Marcellin Boule wanted Teilhard to meet the holder of the chair of Mineralogy at the Catholic Institute of Paris, where higher education in the sciences was still poorly developed. It was important that natural sciences and evolution be taught in private establishments run by the clergy. Father Gaudefroy offered him the chair of Geology, pending the nomination of a professor; Teilhard accepted and became a lecturer. He taught geology there from 1920, defended his thesis at the Sorbonne in 1922, and was finally appointed Assistant Professor of Geology and Paleontology at the Institut Catholique de Paris. Teilhard de Chardin was therefore a professor and continued his teaching during the 1922/1923 academic year, while in agreement with the Society of Jesus, he devoted himself to paleontology in the basement of the Muséum’s gallery and participated in international conferences.
His teaching was innovative, he was not content to simply teach what he had just learned at the Sorbonne.

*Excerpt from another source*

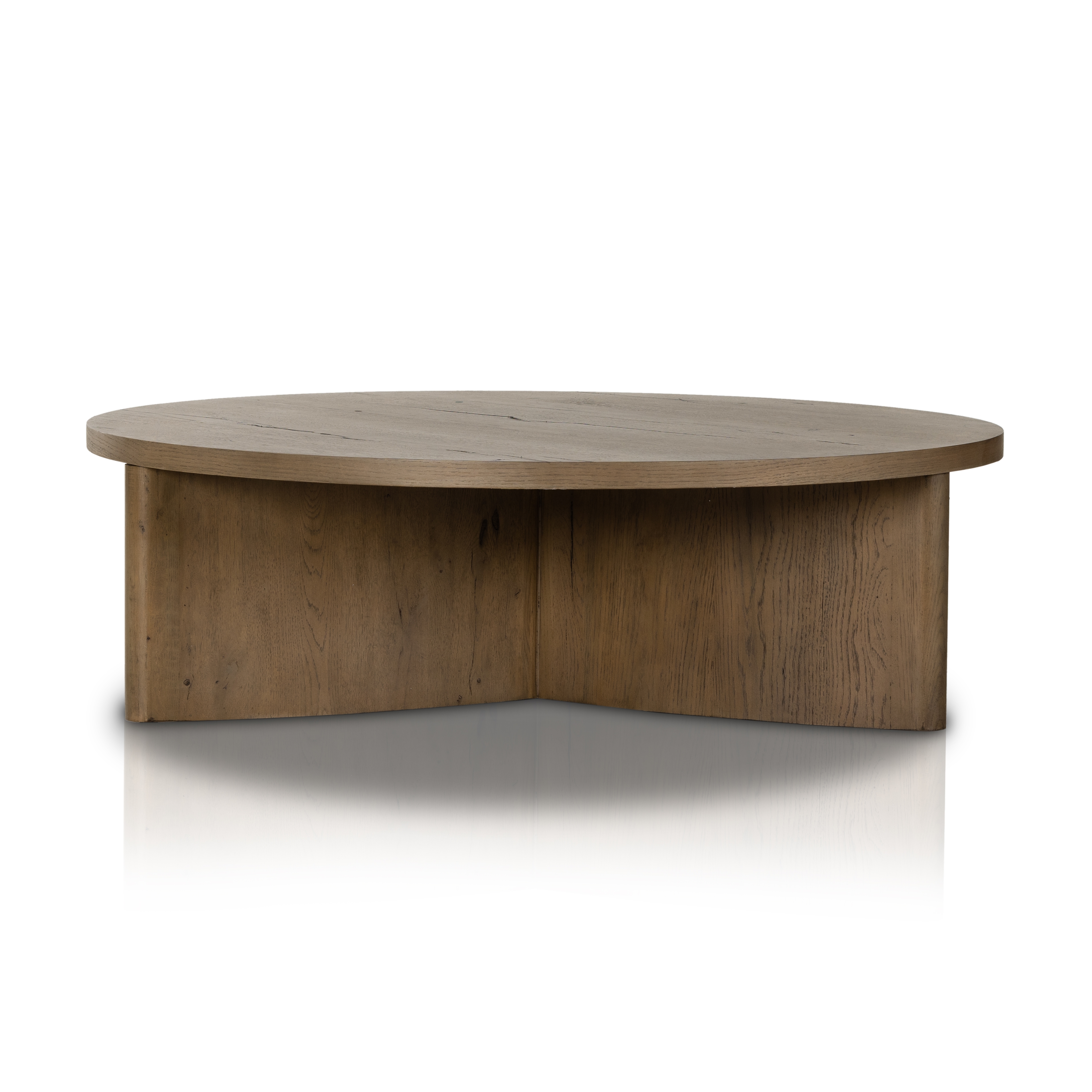 Toli Coffee Table-Wood-Rustic Grey - Image 3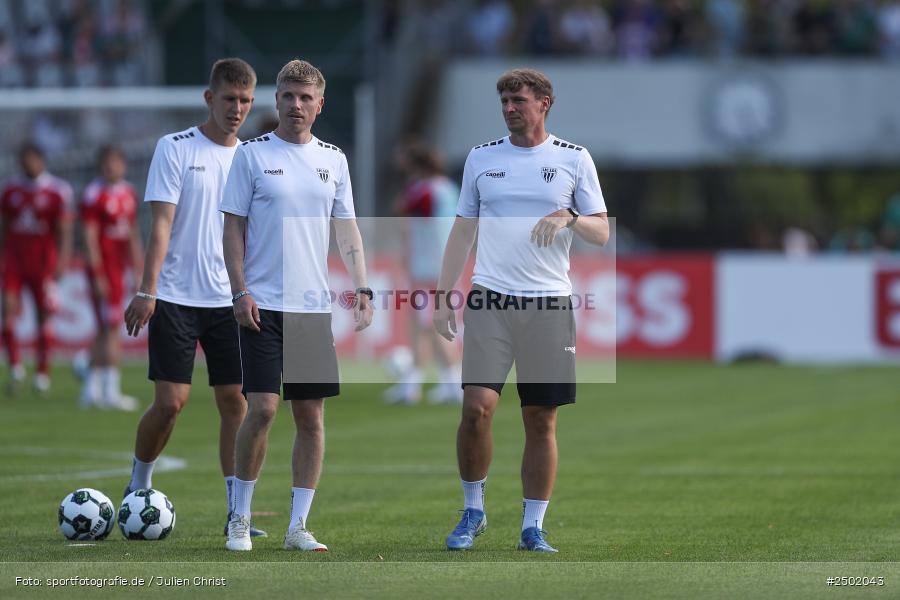 sport, action, Schweinfurt, Sachs-Stadion, Fussball, Fortuna Düsseldorf, FCS, F95, DFB-Pokal, DFB, 18.08.2025, 1. Runde, 1. FC Schweinfurt 1905 - Bild-ID: 2502043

He thought about the mechanisms of evolution on the large scales of space and time, the “continentalization”, or “granitization” (silicification) of the Earth’s crust, and the complexification of organisms which form the biosphere, as far as Man, who discovers himself a generic link with the physico-chemical transformations of the planetary surface. Here, we find Buffon again, but with the search for a physico-chemical, even telluric link (electric and magnetic fields) between the dynamic organization of molecules to form monocellular and then pluricellular autonomous units. The Earth’s crust moves thanks to tectonics (only vertical, for the geologists at this time) and was dragged into the irreversible “drift” of its cooling toward a state of equilibrium, while climates changed and fauna migrated, but with an additional constraint: the surface of the Earth is finite, closed in on itself and the shape of the continents is, in itself, a factor of selective pressure on populations. Peninsulas are dead-ends, isolation routes, while intercontinental bridges are routes of diversity. Teilhard’s evolutionary school of thought was being built: according to him, there is a planetary engine with which the increasing complexity of organisms was associated, from the tectonics of the continents and seabed to the dispersion of the oceans.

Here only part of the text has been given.